For those of you planning a trip to Thailand, I highly recommend spending at least a few days in Bangkok, especially if you’re a foodie. And to the vegetarians, vegans and fellow Foddies (people on the low FODMAP diet) have no fear – Bangkok is full of amazing cafes and restaurants which cater towards people with dietary requirements. I’ve written this blog post as a short guide to some of my favourite street foods, cafes and restaurants in Bangkok.

Street food we tried

Whether you’re vegan, vegetarian or have some kind of food intolerance if there’s one thing you should do in Bangkok it’s eat street food. While we ate at some amazing cafes and restaurants (featured below), nothing is quite like getting a bowl of something fresh you’ve never heard of or tried for less than $2.


Our first street food experience was at the Floating Market on our second day. While the markets weren’t overly enthralling, we were fascinated by a lady making tiny dumplings on a boat with various vegetables inside. The lady spoke no English, but handed us a banana leaf filled with 8 tiny clear dumplings and two tiny chillies for 40 Baht (less than $2). We loved every mouthful, and although we didn’t know what was inside at first, we later figured out they were filled with carrot, mushroom, peanut and cane sugar. A few days later we found a stall at a market which identified them as Thai steamed rice skin dumplings – the mouth of the of rice.

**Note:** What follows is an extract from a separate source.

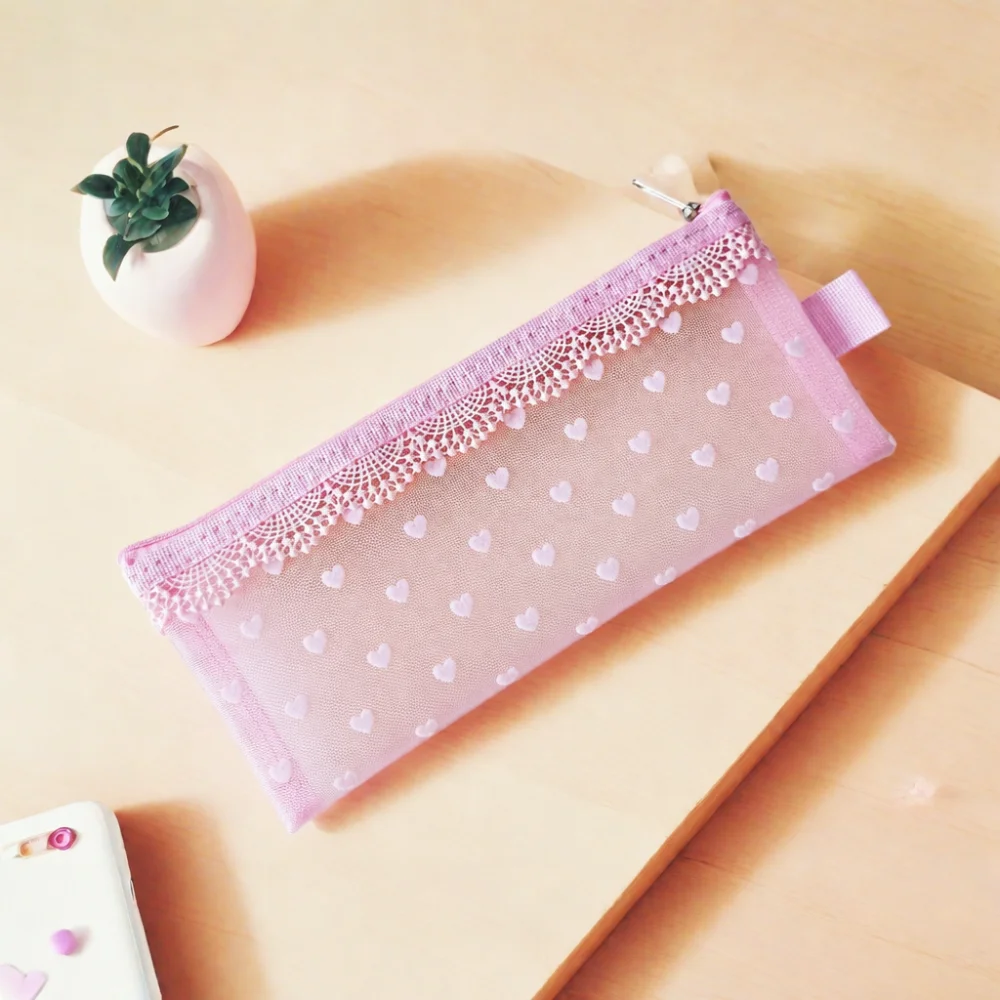 New Flower Edges Cosmetic Bag Mesh Lace Heart Makeup Storage Pouch Transparent Sweet Toiletry Bag Storage for Travel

Another amazing street food we tried at Khao San Road was fresh coconut ice cream for around 30 Baht ($1). Perfect for vegans and anyone intolerant to lactose – this cold dessert is topped with nuts and chocolate sauce. We saw stands at the Chatachuk Weekend Market with 8-10 topping options: from different sticky rices to jellies and nuts, so if you’re heading to the market wait and get it there.

If you’re not vegan another good street food (if you can find it) is a little mini taco looking sweet. The man who served us spoke barely any English but it looked too good not to try. Although we’re not certain, we think it was a mini coconut egg  hard-shell pancake topped with shredded fruit and nuts. We paid 10 Baht ($0.45).

One of my favourite street foods was from a man just around the corner from our apartment – the popular egg crepe (a Thai street dessert). To make, the stall owner will spread crepe batter over a flat element, drop an egg and chopped banana inside the middle, fold it up and cover it with your chosen spread – I went for Nutella. You can find these around Bangkok – some carts will have up to 10 topping options for around 60 Baht ($2.40).

Where to eat out

Although Bangkok isn’t quite up to Melbourne’s brunch standards, it has serious game when it comes to smoothie bowls, quirky lattes and Buddha bowls. The city has so many amazing vegan and vegetarian cafes and restaurants – we were only able to get to a few, but my favourites are listed below.

Brekkie Organic Café

French-Parisian esque interiors, quirky antiques, quality coffee and serious smoothie bowl options.

Brekkie organic cafe

Broccoli Revolution

Totally vegan, traditional Thai fusion brunch with killer Buddha and smoothie bowls.

Broccoli rev

Mango Vegetarian and Vegan Restaurant and Arts Gallery

Cute and cosy hole in the wall with friendly staff and a menu which warms your soul.